If you — perhaps a taxpayer to USD 259 — would like to watch a meeting of the board of USD 259, the Wichita public school district, your options are few. You can attend the meetings in person. Or, if you subscribe to certain cable television systems, you can view delayed repeats of the meetings. But that’s it.
Live and archived video of governmental meetings is commonplace, except for the Wichita public schools. Citizens must either attend USD 259 meetings or view delayed broadcasts on cable TV, if they subscribe.
There’s a simple way to fix this. It’s called YouTube.
When the Sedgwick County Commission was faced with an aging web infrastructure for its archived broadcasts, it did the sensible thing. It created a YouTube channel and uploaded video of its meetings. Now citizens can view commission meetings at any time on desktop PCs, tablets, and smartphones. This was an improvement over the old system, which was difficult to use and required special browser plug-ins.

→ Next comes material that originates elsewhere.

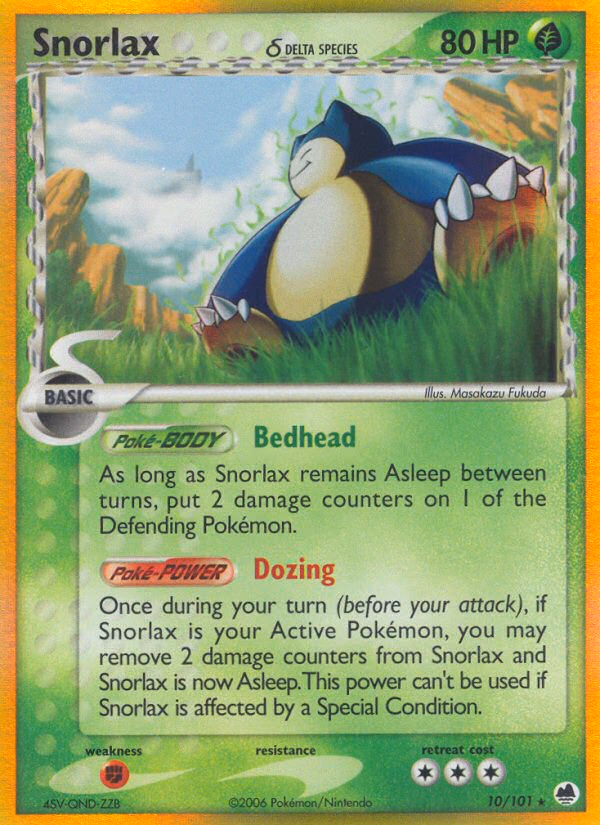 Snorlax δ Pokemon card (10/101, Dragon Frontiers)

The Wichita school district could do the same. In fact, the district already has a YouTube channel. Recently, it has started posting video excerpts of some meetings.
So the district has demonstrated it has the technical capability and resources to post video of meetings to YouTube. Now, in addition to the excerpts, it should post video of all meetings in their entirety.
Yes, it takes a long time to upload two or three hours of video to YouTube, but once started the process runs in the background without intervention. No one has to sit and watch the process.
I have asked the district why it does not make video of its meetings available online. The district responded that it “has a long-standing commitment to the USD 259 community of showing unabridged recordings of regular Board of Education meetings on Cox Cable Channel 20 and more recently AT&T U-verse Channel 99.”
Showing meetings delayed on cable TV is okay. It was innovative at one time — a long time ago. Okay. But why aren’t meetings shown live? What if you can’t watch the meeting before it disappears from the broadcast schedule after a week? What if you don’t subscribe to cable TV? (This is becoming more common as more people “cut the cord” and rely on services like YouTube for television.) What if you want to watch meetings on your computer, tablet, or smartphone?
I don’t think the fact that meetings are on cable TV means they can’t also be on YouTube. But that seems like what the school district believes.
Sometimes increasing transparency is so easy. We must wonder why governmental agencies resist.